Pointing to the latest employment data released by the Statistical Institute of Jamaica (Statin), Phillips said, while he had no quarrel with the numbers being reported, the country cannot be satisfied with the metrics used to measure employment.

“We can’t be satisfied with calling somebody who a wipe window at stop sign and traffic light an employed person. We can’t call people who work one hour a week, according to what Statin numbers say, an employed person. Not to mention that even though they say they have the highest number of employed people, you have more than a half a million Jamaicans who not even looking for work. Many of them drawn into the world of criminality and violence,” he argued.

In relation to education Phillips said, “According to this Government’s own numbers, more than 50 per cent of the students leaving primary school and going to high school can’t read and write. We can’t go on this way.”

Turning his attention to squatter communities, Phillips said that they are not populated by lazy people, but rather by some of the hardest working people in the world.

“The squatter communities represent one of the most obscene and degrading elements of the inheritance of plantation slavery and the plantation economy. It represents generations of all those formerly enslaved people who were turned out from the plantation. Time come now for us to solve that problem that has been bedevilling us for too long,” he said, eliciting more loud cheers.

He said that because of all these conditions people are not only doubtful about the future, they’re “beginning to doubt the democratic system that we have”.

“Sixty per cent of the voters never even bother to turnout in the last elections; and poll after poll tell us that 50 per cent and more don’t have any trust in the political system and leadership in the country. We can’t go on like this.”

He said the PNP needs to rescue the country, including supporters of the governing Jamaica Labour Party “for a better Jamaica with a different future”.

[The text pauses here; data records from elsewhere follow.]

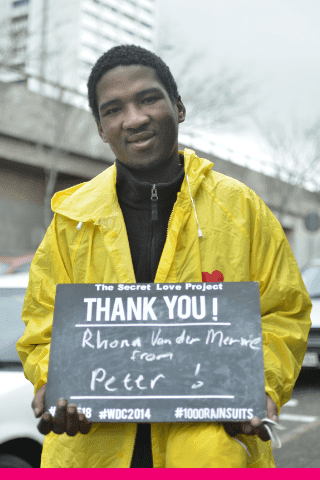 A grateful homeless gentleman saying thank you to The Secret Love Project for his winter rain suit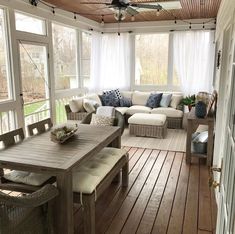 an outdoor living room with white couches and blue pillows on the back porch area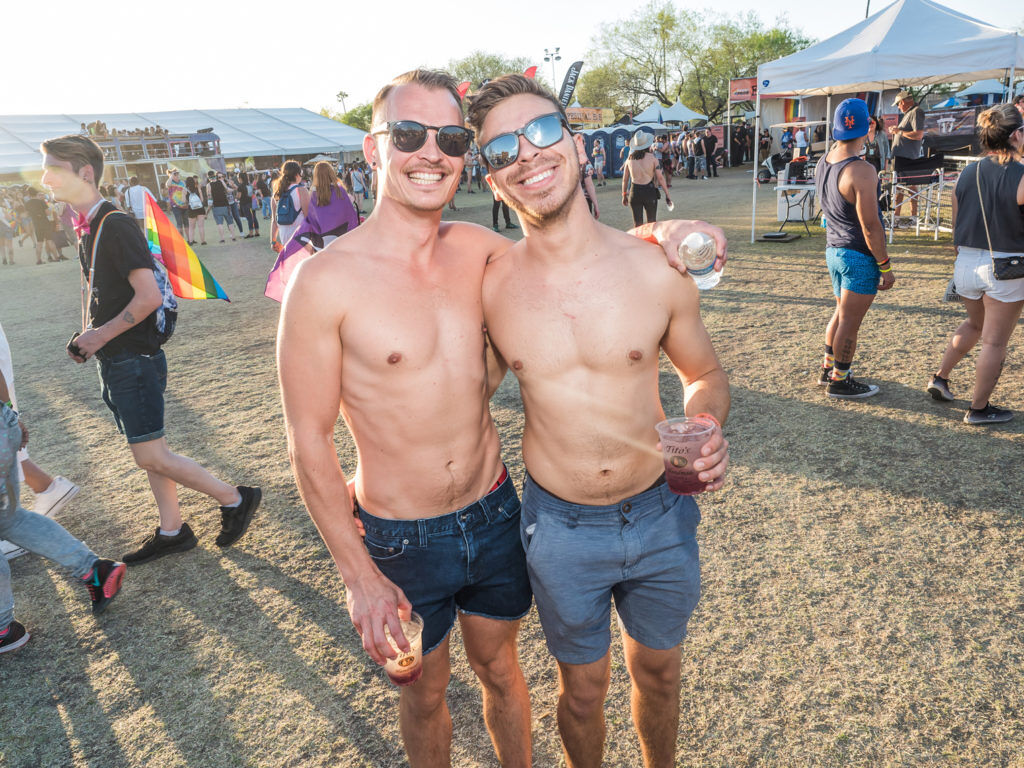 Two shirtless men with chiseled abs pose together during Phoenix pride.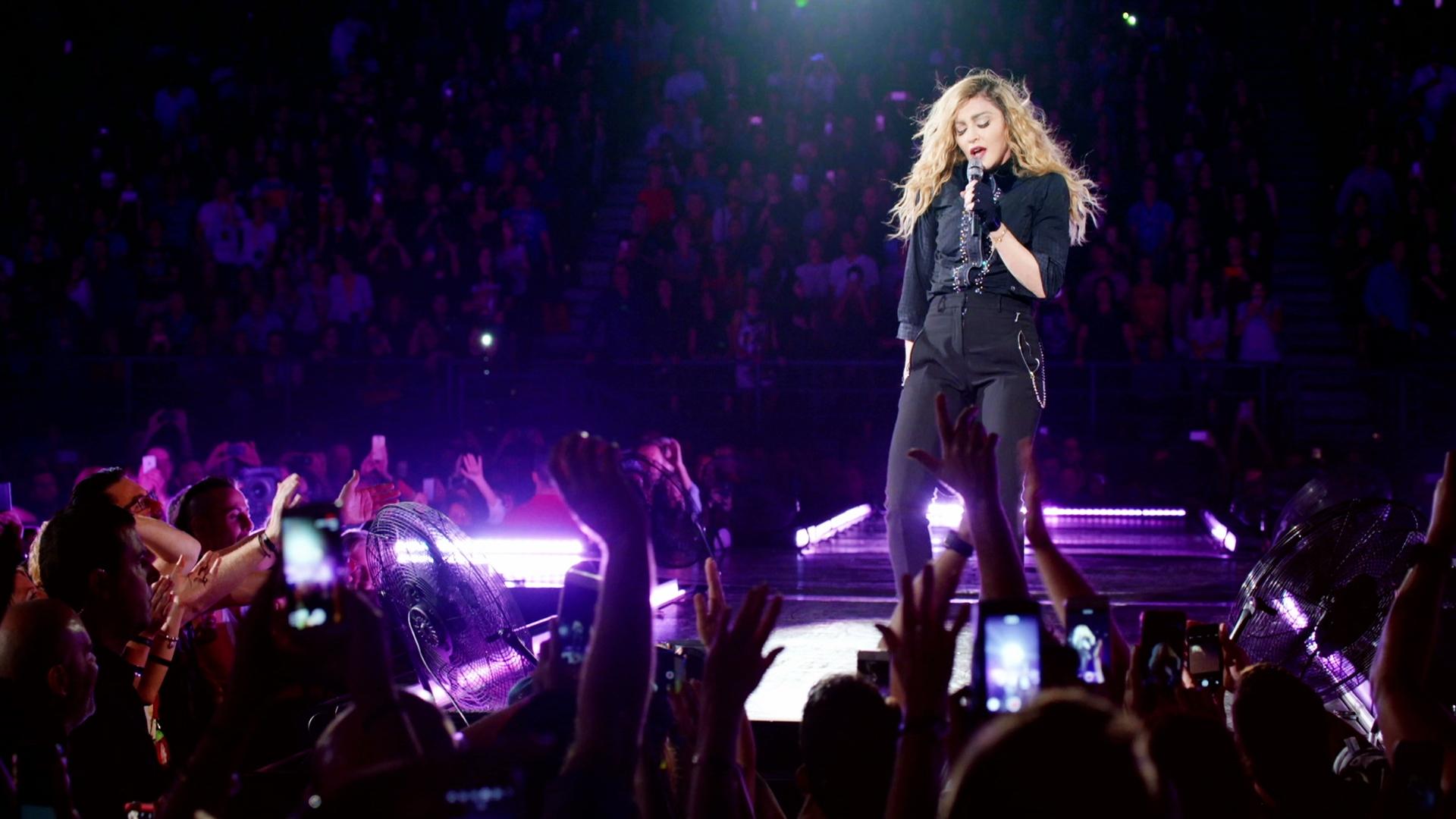 Madonna performs on stage at concert with crowd and bright lights surrounding her.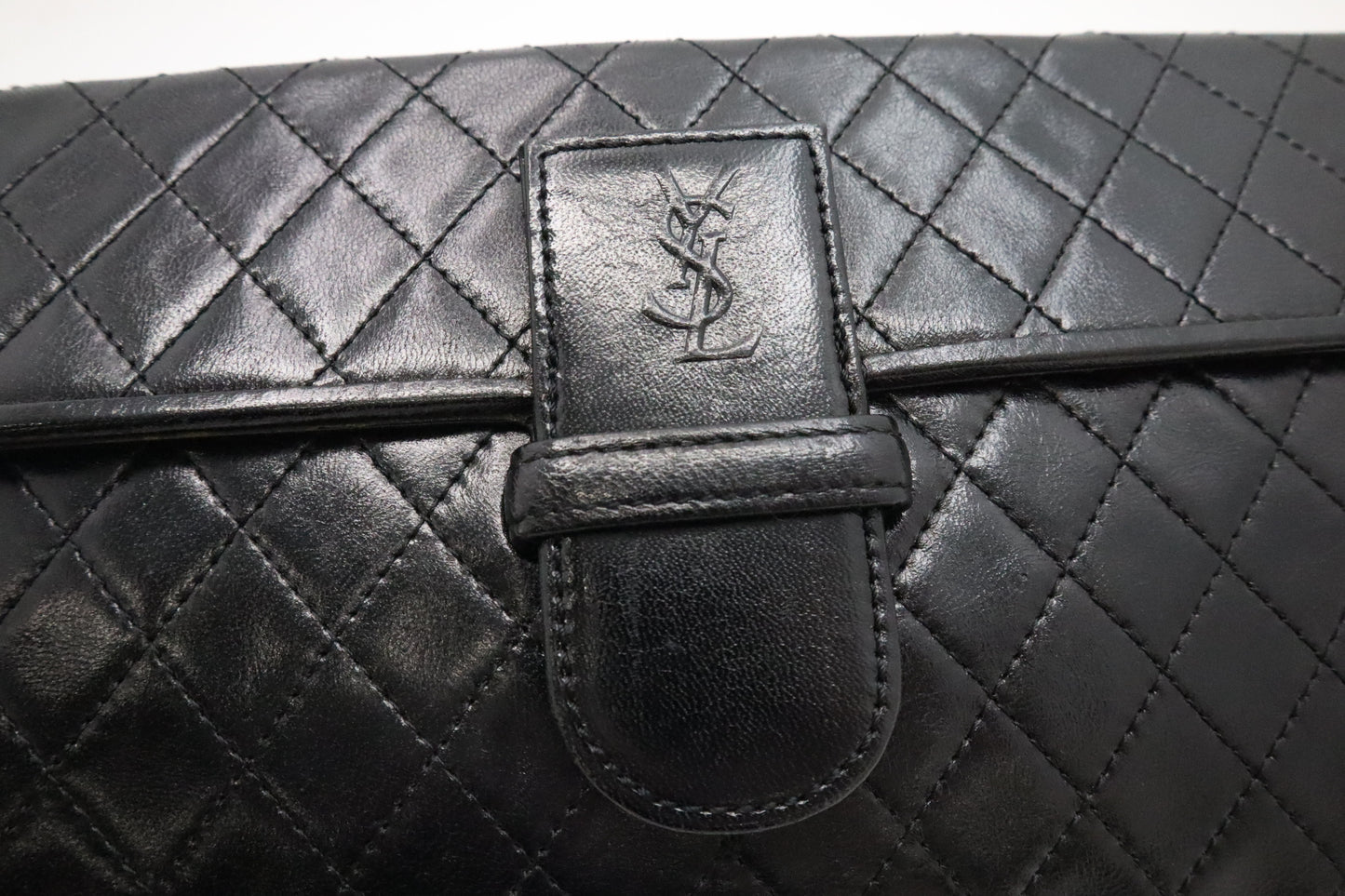 YSL Saint Laurent Clutch in Black Quilted Leather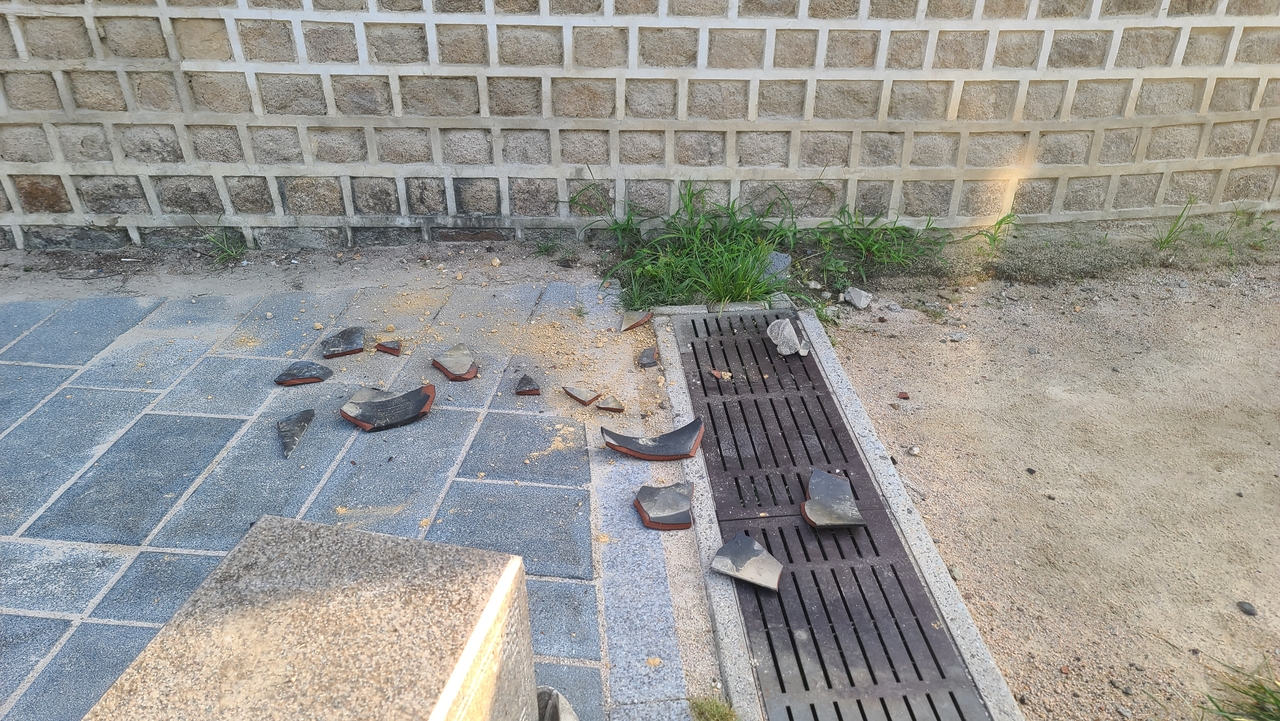 This photo distributed by the Korea Heritage Service shows the destroyed tiles from outer walls of Jongmyo Shrine in Jongno-gu, central Seoul, on Tuesday. (Korea Heritage Service via Yonhap)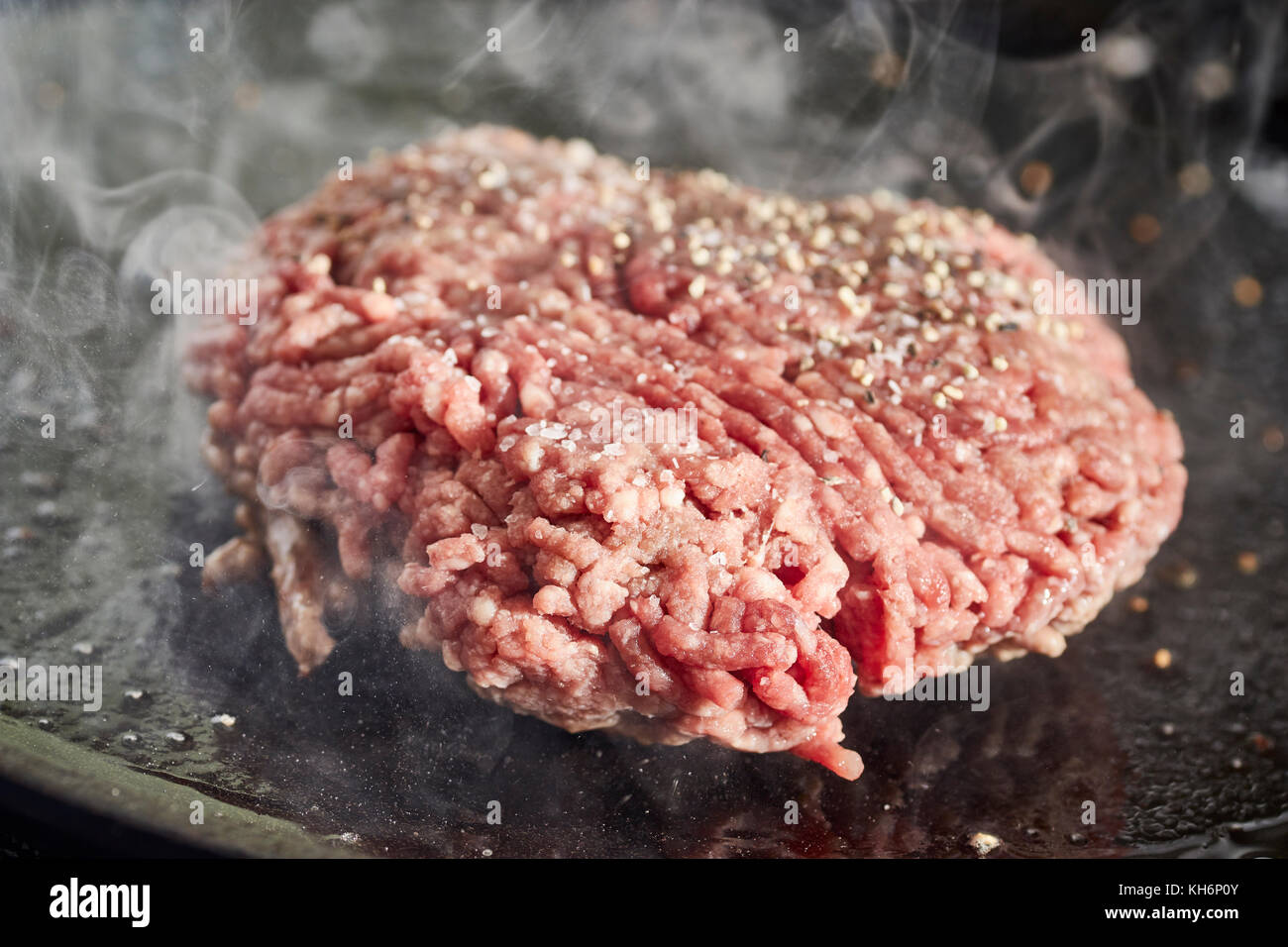 A hamburger patty frying on a cast iron grill Stock Photo Alamy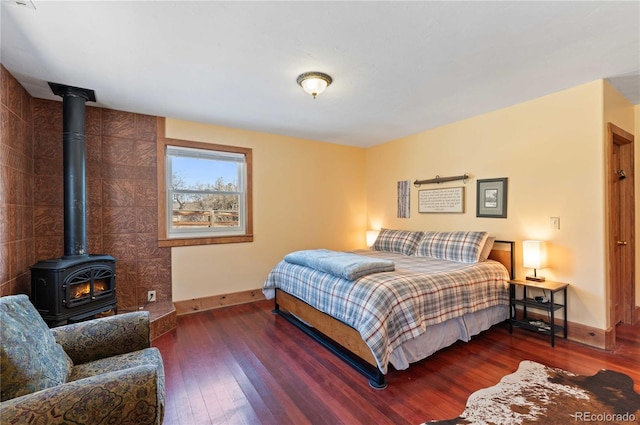 bedroom with a wood stove and dark hardwood / wood-style floors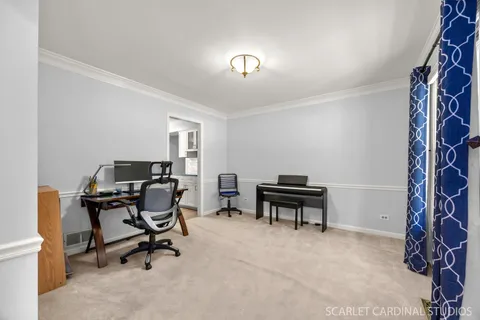 a view of a workspace with furniture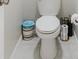 Bathroom featuring a white toilet with decorative trash can and toilet paper holder at 17156 Yellow Pine St, Wimauma, FL 33598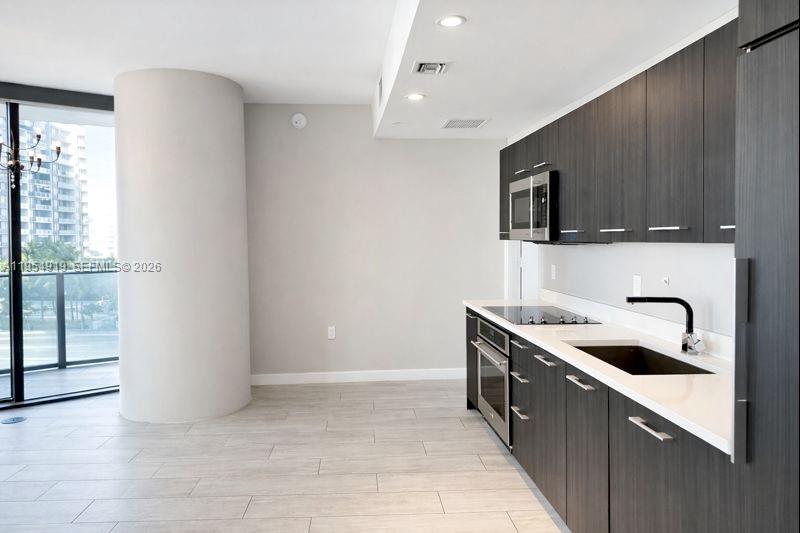 45 Southwest 9th Street, Unit 1208 Miami, FL 33130 - Photo 7 of 27 a kitchen with stainless steel appliances granite countertop a sink and a stove top oven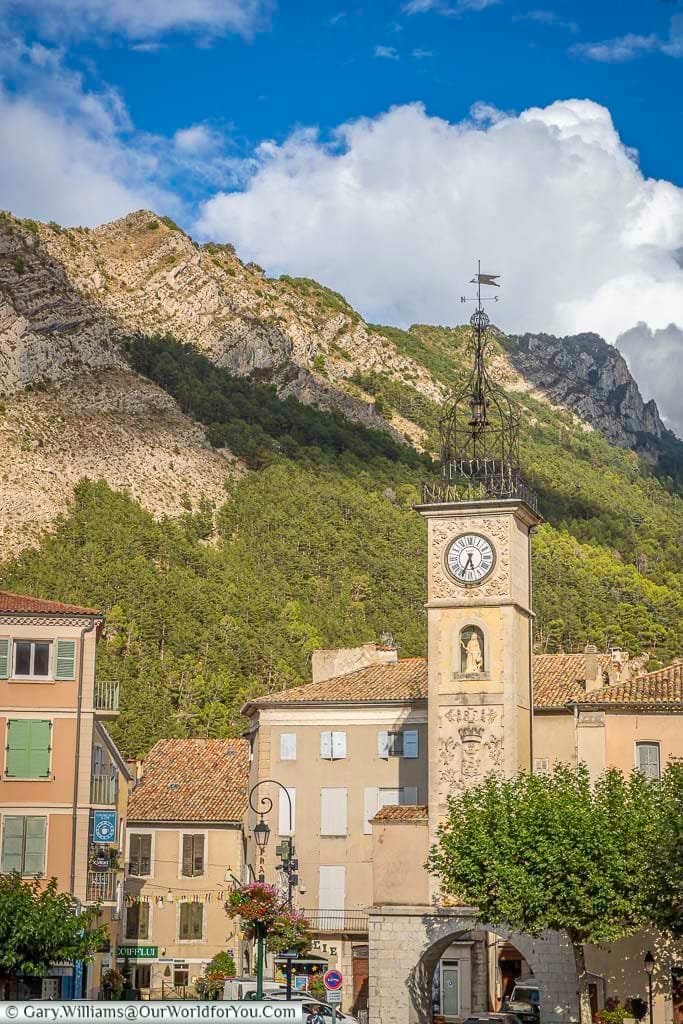 A prominent stone clock tower with an ornate ironwork campanile and weathervane stands tall in Sisteron, France, against a backdrop of a steep, tree-covered mountainside and a bright blue sky with fluffy white clouds. Surrounding the base of the clock tower are traditional European buildings with terracotta tiled roofs and shuttered windows.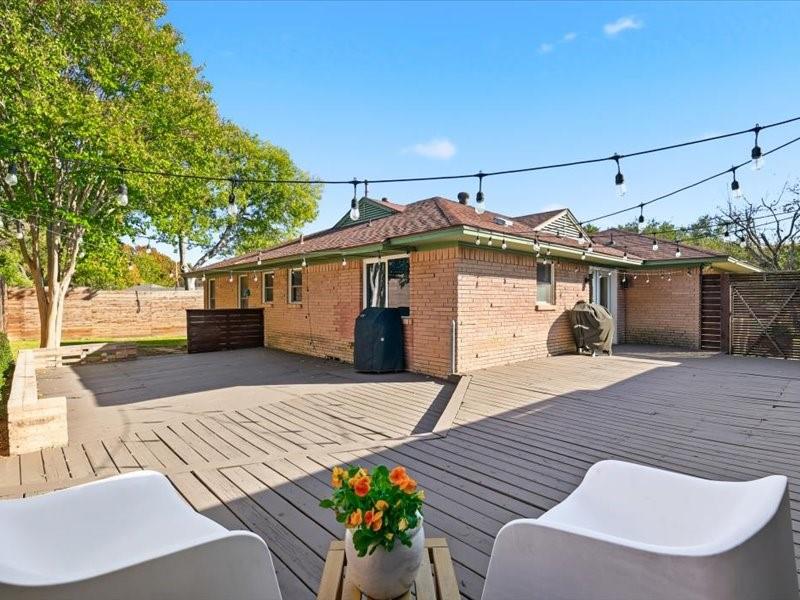 2330 Peavy Place Dallas, TX 75228 - Photo 26 of 39 a front view of a house with a yard
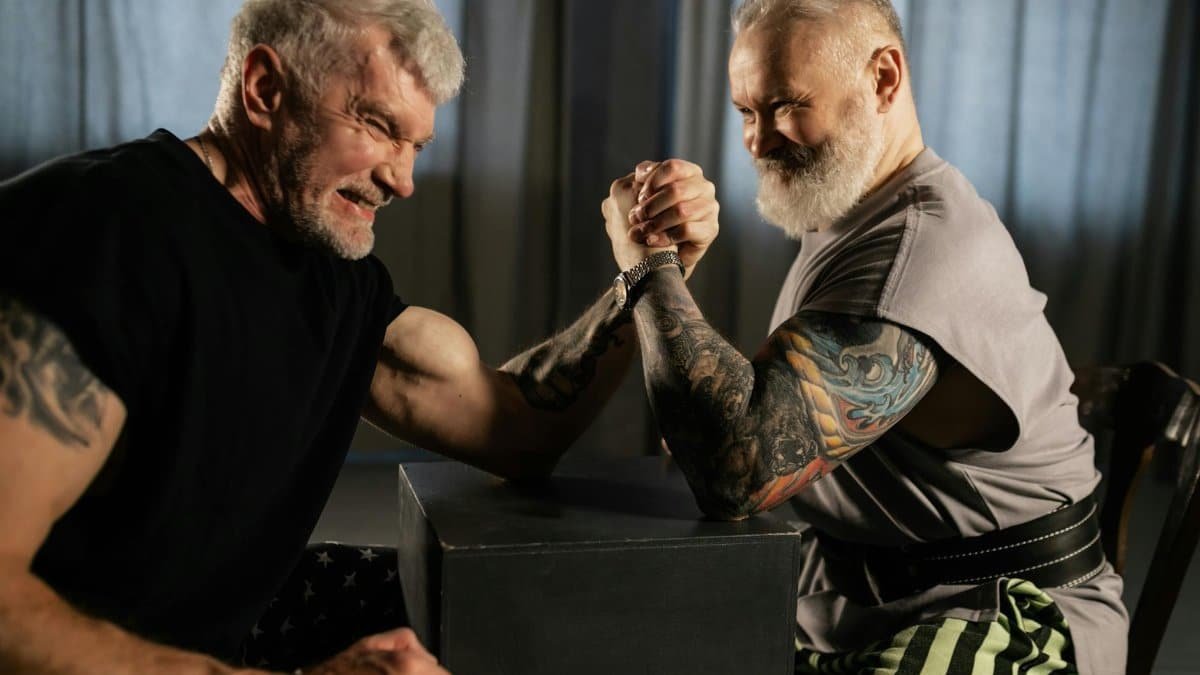 Two senior men engaged in an intense arm wrestling match indoors.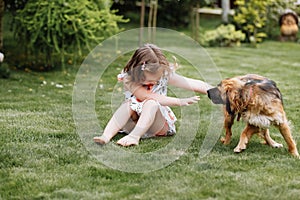 A cute little girl is playing with her pet dog outdooors on grass at home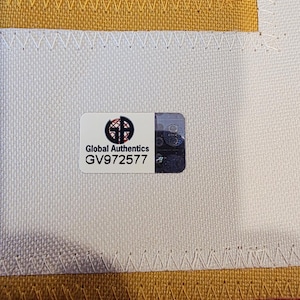 May include: Close-up of a jersey with a Global Authentics sticker. The jersey has a white base with red and gold accents. The sticker has the text "Global Authentics" and the serial number GV972577.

“There is no place in this for political gimmickry. It is not enough, as I said, to beat the other party, we have to mobilise a nation. I know you can do it, and I know the People’s National Party can do it. Only the People’s National Party has the vision. Only the People’s National Party has the tradition of activism to do it. Only the People’s National Party has the record of doing it,” Phillips told the cheering Comrades.

“So I say to this conference, a date with destiny awaits you. The country’s future is in your hands. So let the trumpet sound and let us all, under the leadership of the party leader, answer that call. Let us, from this arena, light the torch of national revival and renewal. Let us stand once more for the cause of our own native land, Jamaica, land we love.”